═════ EXTRACTED RECORDS

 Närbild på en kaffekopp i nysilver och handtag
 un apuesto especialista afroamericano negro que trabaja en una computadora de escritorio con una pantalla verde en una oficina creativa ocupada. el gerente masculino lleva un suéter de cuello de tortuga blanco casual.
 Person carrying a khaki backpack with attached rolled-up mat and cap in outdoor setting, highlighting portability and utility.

══════════
═════ EXTRACTED RECORDS

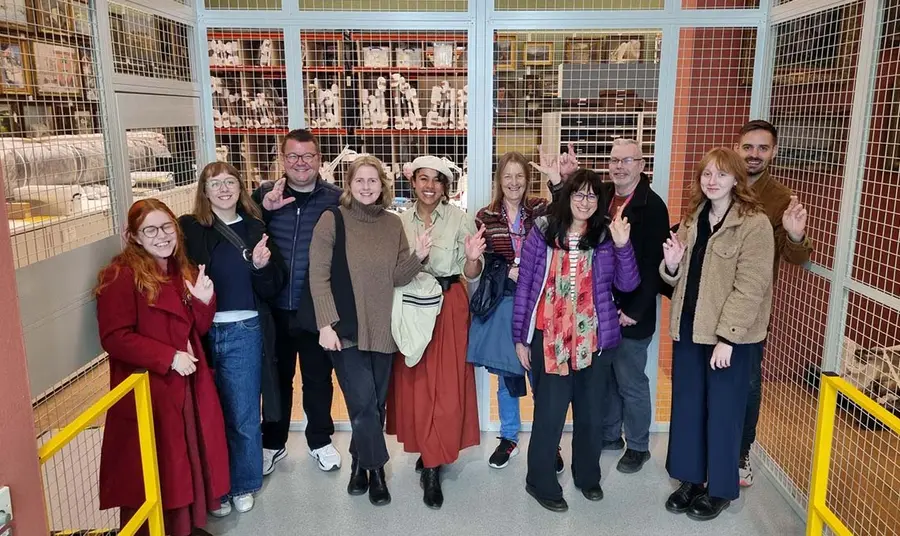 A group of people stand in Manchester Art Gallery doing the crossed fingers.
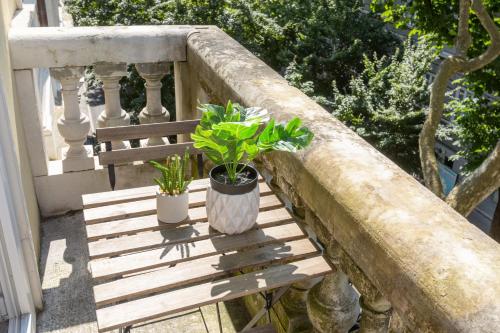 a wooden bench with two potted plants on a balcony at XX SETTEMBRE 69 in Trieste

══════════

> [WHAT YOU HAVE TO DO] Set down, from the entries above, exactly the lines from the one with "Närbild på en" up to and including the one with "un apuesto especialista", and no other lines.

> [ANSWER SECTION]
 Närbild på en kaffekopp i nysilver och handtag
 un apuesto especialista afroamericano negro que trabaja en una computadora de escritorio con una pantalla verde en una oficina creativa ocupada. el gerente masculino lleva un suéter de cuello de tortuga blanco casual.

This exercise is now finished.